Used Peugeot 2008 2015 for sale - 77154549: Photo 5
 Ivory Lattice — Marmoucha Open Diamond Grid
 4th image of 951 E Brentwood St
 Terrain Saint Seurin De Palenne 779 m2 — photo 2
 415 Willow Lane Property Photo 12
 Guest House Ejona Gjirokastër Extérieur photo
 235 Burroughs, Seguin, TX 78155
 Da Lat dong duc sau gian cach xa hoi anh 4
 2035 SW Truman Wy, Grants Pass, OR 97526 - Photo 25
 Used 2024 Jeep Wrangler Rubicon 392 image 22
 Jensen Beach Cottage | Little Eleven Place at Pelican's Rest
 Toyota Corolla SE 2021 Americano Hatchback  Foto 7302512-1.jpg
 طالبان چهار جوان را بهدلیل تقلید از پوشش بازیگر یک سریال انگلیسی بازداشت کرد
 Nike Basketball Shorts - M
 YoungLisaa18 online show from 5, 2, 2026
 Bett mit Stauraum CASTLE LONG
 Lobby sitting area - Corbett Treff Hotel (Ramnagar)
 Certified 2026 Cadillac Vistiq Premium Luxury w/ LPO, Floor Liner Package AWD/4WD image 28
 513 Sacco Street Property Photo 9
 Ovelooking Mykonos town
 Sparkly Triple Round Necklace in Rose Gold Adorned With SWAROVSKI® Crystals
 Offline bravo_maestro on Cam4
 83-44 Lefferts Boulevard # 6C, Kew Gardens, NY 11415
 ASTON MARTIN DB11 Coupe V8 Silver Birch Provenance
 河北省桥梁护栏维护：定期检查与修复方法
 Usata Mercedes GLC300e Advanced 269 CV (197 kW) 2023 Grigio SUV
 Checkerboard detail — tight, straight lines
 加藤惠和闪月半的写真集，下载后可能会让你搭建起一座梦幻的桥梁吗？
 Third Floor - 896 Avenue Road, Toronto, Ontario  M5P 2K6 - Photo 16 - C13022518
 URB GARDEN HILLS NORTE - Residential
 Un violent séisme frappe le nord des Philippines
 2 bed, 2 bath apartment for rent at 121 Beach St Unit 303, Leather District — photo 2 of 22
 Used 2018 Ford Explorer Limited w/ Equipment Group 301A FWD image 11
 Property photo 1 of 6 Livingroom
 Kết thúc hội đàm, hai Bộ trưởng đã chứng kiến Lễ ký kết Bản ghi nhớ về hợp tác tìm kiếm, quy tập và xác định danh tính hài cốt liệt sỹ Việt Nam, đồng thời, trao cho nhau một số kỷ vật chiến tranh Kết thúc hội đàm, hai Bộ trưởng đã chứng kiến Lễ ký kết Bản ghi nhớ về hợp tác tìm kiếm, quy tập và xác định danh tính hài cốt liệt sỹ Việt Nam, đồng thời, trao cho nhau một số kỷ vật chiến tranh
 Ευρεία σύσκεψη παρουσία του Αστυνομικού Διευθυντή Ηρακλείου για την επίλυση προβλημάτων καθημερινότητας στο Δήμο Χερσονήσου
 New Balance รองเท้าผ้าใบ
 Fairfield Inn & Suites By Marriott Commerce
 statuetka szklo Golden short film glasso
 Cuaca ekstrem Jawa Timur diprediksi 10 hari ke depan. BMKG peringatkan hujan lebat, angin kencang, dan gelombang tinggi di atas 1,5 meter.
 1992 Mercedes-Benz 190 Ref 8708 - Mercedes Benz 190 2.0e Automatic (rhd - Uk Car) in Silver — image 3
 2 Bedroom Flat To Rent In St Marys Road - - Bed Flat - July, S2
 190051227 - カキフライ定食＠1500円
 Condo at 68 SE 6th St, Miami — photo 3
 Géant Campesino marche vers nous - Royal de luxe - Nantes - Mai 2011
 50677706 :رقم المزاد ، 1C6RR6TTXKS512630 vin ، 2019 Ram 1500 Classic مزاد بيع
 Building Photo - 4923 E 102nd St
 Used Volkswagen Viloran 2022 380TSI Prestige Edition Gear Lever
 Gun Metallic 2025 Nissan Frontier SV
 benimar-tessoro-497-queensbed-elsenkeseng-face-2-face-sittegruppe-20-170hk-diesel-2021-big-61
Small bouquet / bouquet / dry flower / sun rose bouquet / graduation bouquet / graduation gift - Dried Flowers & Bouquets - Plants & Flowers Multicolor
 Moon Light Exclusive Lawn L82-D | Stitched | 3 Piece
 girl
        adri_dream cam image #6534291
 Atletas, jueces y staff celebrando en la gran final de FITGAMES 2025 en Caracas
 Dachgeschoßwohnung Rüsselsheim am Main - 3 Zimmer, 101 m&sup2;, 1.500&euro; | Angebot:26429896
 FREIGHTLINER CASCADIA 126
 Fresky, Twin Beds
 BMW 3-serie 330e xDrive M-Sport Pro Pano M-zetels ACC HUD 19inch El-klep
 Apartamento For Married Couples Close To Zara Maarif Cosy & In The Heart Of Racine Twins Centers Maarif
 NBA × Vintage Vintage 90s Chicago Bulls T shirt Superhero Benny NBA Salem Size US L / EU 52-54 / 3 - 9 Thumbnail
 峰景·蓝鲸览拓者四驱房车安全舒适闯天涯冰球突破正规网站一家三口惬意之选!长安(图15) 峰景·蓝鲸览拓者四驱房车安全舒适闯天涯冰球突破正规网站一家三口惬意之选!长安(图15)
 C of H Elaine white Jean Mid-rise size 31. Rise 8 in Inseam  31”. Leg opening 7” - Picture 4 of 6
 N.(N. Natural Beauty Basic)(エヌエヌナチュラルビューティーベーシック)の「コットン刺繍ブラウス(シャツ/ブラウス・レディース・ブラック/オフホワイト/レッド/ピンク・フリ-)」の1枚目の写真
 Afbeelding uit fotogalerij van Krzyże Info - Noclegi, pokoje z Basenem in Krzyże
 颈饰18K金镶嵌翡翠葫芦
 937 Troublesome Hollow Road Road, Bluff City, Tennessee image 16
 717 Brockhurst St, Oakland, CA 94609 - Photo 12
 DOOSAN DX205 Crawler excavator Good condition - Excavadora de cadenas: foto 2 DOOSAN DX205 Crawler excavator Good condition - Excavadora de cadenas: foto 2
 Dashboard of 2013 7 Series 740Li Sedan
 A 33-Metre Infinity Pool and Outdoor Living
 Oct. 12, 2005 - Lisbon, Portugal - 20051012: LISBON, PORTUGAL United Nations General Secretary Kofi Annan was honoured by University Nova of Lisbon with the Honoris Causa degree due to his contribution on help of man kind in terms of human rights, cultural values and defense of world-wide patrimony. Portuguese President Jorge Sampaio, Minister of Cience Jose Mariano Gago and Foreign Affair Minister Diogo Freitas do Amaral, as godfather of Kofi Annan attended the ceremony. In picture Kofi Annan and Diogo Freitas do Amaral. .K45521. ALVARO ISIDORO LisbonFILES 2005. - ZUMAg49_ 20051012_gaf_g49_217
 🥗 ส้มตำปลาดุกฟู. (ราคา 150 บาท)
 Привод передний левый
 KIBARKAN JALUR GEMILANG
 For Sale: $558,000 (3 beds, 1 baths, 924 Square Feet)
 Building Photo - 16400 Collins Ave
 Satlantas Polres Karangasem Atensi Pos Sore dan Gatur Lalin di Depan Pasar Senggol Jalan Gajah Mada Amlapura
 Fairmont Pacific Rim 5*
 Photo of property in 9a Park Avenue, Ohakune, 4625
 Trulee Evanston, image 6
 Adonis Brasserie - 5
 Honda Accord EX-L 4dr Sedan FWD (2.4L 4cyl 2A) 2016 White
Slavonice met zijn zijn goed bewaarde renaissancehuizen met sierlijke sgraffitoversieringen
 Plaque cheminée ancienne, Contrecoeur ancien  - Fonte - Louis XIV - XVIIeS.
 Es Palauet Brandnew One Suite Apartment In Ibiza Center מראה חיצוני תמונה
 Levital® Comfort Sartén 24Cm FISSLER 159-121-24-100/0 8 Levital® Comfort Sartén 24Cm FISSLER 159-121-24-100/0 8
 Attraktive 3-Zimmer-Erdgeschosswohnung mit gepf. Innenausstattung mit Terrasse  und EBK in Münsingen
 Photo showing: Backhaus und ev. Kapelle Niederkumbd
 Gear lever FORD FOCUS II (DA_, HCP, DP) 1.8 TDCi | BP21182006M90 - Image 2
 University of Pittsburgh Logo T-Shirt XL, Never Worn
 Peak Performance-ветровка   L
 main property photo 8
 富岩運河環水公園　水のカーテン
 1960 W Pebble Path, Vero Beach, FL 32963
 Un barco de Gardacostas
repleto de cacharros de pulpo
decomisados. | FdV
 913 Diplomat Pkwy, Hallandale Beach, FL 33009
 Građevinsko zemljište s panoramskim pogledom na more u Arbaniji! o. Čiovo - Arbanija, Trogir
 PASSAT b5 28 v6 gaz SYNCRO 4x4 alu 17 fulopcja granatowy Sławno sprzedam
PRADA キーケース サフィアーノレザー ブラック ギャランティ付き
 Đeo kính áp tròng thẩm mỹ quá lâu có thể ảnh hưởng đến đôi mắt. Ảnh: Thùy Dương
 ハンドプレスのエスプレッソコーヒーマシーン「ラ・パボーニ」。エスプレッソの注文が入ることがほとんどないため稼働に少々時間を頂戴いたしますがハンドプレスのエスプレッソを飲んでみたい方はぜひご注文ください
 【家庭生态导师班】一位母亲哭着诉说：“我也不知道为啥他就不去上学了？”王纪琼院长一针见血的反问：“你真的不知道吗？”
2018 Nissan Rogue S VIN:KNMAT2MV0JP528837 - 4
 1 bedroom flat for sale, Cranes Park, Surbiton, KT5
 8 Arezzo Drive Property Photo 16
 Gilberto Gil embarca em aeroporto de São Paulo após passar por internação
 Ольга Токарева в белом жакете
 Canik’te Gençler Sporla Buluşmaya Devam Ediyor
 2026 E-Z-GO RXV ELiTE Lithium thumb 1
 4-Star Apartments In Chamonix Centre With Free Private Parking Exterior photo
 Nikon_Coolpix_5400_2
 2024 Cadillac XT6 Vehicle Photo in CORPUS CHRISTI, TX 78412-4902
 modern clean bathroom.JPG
# # # # #
▶ Task description
Every line from the line containing "1 bedroom flat" through the line containing "Canik’te Gençler Sporla" in the records above must be retyped exactly. Leave out the rest.

▶ Response box
 1 bedroom flat for sale, Cranes Park, Surbiton, KT5
 8 Arezzo Drive Property Photo 16
 Gilberto Gil embarca em aeroporto de São Paulo após passar por internação
 Ольга Токарева в белом жакете
 Canik’te Gençler Sporla Buluşmaya Devam Ediyor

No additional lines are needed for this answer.